I am sure that some will carp at my claim of Purcell for the camp of good bad taste. But, as Susan Graham’s fine, measured singing (though, at times, hindered by the use of a music stand) of “Bess of Bedlam,” “Music for a While,” and “When I am laid” from Dido and Aeneas attested, Purcell is anything but square.

Lovesick, melancholic, cruel—Purcell’s invocations of madness, intoxication, and erotic expiration stood in stark contrast to the refined gentility of Hayden. Indeed, these three pieces probe experiences of erotic fixation, it’s illusory reprieve, and the underlying elements of shame embedded within Eros and melancholy.

From Bess’s mad, outlawed alienation, through the hypnotic, insistent continuo of “Music for a While,” to the degraded Liebestod of Dido’s Lament, Purcell’s musical imagination borders a stance of TMI (too much information!), exposing an interiority of abjection and estranged suffering.

The squeamishness that Purcell provoked was amped up even further after the intermission with Graham’s performance of Benjamin Britten’s cantata Phaedra, in which the singer displayed the more muscular elements of her mezzo-soprano. Here, Britten’s opening measures struck the listener like swift arrows sprung from cupid’s bow, sinking their sharp wedges into Phaedra’s pliant heart.

Yes, poor wounded Phaedra, cougar and MILF par excellence. Britten’s cantata, taken from the seventeenth-century Racine play (translated by poet Robert Lowell), distills the drama to a singular voice, compressing the play’s five acts to a biting fifteen minutes.

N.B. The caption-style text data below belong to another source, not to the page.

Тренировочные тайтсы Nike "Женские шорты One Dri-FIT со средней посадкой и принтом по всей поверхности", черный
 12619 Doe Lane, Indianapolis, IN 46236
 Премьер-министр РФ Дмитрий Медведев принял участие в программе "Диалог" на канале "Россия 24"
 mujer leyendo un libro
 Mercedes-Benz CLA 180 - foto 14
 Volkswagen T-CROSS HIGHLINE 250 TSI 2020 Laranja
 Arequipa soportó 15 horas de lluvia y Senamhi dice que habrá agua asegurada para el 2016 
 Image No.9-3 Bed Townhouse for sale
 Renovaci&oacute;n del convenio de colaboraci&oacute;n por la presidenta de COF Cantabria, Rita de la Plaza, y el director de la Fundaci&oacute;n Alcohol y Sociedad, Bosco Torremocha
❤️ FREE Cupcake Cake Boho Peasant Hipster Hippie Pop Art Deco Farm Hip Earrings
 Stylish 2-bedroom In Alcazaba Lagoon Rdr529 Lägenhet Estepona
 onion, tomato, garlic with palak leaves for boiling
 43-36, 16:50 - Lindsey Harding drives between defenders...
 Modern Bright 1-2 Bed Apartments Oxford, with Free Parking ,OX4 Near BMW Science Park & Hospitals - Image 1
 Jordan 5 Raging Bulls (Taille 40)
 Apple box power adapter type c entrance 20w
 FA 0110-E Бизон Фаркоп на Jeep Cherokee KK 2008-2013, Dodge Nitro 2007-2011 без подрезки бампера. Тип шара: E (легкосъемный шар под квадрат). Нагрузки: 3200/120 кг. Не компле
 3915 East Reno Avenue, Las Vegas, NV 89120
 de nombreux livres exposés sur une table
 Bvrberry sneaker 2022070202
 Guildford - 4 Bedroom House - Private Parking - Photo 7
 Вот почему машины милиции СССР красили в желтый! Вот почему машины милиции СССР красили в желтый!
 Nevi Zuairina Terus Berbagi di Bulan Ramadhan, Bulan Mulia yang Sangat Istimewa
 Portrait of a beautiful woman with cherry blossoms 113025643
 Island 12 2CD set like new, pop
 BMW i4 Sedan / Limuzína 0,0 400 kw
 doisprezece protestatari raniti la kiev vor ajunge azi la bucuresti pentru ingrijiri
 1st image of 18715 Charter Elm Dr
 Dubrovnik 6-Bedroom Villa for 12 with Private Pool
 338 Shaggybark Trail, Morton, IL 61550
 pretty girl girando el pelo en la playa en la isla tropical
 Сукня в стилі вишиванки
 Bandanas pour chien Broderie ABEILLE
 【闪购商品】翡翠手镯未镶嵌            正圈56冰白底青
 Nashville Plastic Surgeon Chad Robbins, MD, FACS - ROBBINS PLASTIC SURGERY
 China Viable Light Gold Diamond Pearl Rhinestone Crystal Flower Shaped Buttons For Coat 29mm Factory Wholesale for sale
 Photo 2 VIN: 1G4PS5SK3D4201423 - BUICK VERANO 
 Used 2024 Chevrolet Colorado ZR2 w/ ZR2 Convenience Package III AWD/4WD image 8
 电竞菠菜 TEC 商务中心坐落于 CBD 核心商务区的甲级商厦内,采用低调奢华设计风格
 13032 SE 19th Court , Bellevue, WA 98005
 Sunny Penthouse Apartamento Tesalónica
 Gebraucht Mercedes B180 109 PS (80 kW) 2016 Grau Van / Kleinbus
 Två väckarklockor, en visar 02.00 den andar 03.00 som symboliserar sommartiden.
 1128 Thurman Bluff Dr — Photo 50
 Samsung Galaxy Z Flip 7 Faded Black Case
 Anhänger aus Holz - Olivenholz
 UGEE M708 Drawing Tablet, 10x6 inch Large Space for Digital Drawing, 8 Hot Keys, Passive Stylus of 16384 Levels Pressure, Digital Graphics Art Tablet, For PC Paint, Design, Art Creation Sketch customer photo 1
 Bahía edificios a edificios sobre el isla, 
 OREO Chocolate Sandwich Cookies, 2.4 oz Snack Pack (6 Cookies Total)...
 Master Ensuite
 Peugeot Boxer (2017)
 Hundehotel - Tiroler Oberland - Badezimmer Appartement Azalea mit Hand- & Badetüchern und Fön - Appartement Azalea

Married to Theseus, Phaedra burns for his son (by another woman), Hippolytus. When Hippolytus rejects his stepmother, she accuses him of rape, inciting his father, Theseus, to curse him. Subsequently, Poseidon provokes a chariot accident to kill Hippolytus, at which point Phaedra confesses her role in her stepson’s death. Consequently, in atonement, she commits suicide with “Medea’s poison.”

Britten was long preoccupied with notions of alienation and sexual humiliation, in both comedic and tragic modalities—consider Tytania’s donkey show with Bottom in A Midsummer Night’s Dream, or, for that matter, Aschenbach’s erotic reduction beneath the image of Tadzio in Death in Venice.

Britten’s attention here is no less perverse, with Phaedra undone by longing for her stepson: understanding her desire as a “defection,” she cannot restrain herself from a demeaning confession. “I love you! Fool, I love you, I adore you!” she spits at Hippolytus, rotten with self-loathing.

Unsurprisingly, what moves this setting beyond an exercise in emotional pornography is the compassion with which Britten examines his subject’s plight. While Phaedra may castigate herself as “inhuman, hateful,” Britten never loses sight of her humanity, locating within Phaedra’s role both perpetrator and victim.

Ultimately, via Britten’s underlying empathy, what surfaces in Phaedra is a labyrinthine psychology, a heroine who speaks to our own unnamed, checked desires.

Graham’s singing was flawlessly produced, brilliant and shimmering, free of defect or wobble. It’s shocking how well preserved her voice is, despite the longevity of her career. She sounds unchanged by age, unlike some of her contemporaries (I’m looking at you, Ms. Fleming). In equal measure, McGegan and OSL were reliable, plumbing the depths of Britten’s music with expert skill.

Imagine now, after such unseemly subject matter, to turn back to the prim formality of Haydn—which, thankfully, was how the concert ended. Indeed, by that point in the evening I welcomed such pleasing, scientific music—if only to cleanse my pallet of Purcell and Britten’s intense tartness.

In fact, I welcomed Haydn, and his Symphony No. 98. Who knew? But I suppose that was one of the more splendid effects produced by OSL’s programming—Bravo! Any orchestra that can get me to relish Haydn deserves high praise, to be sure.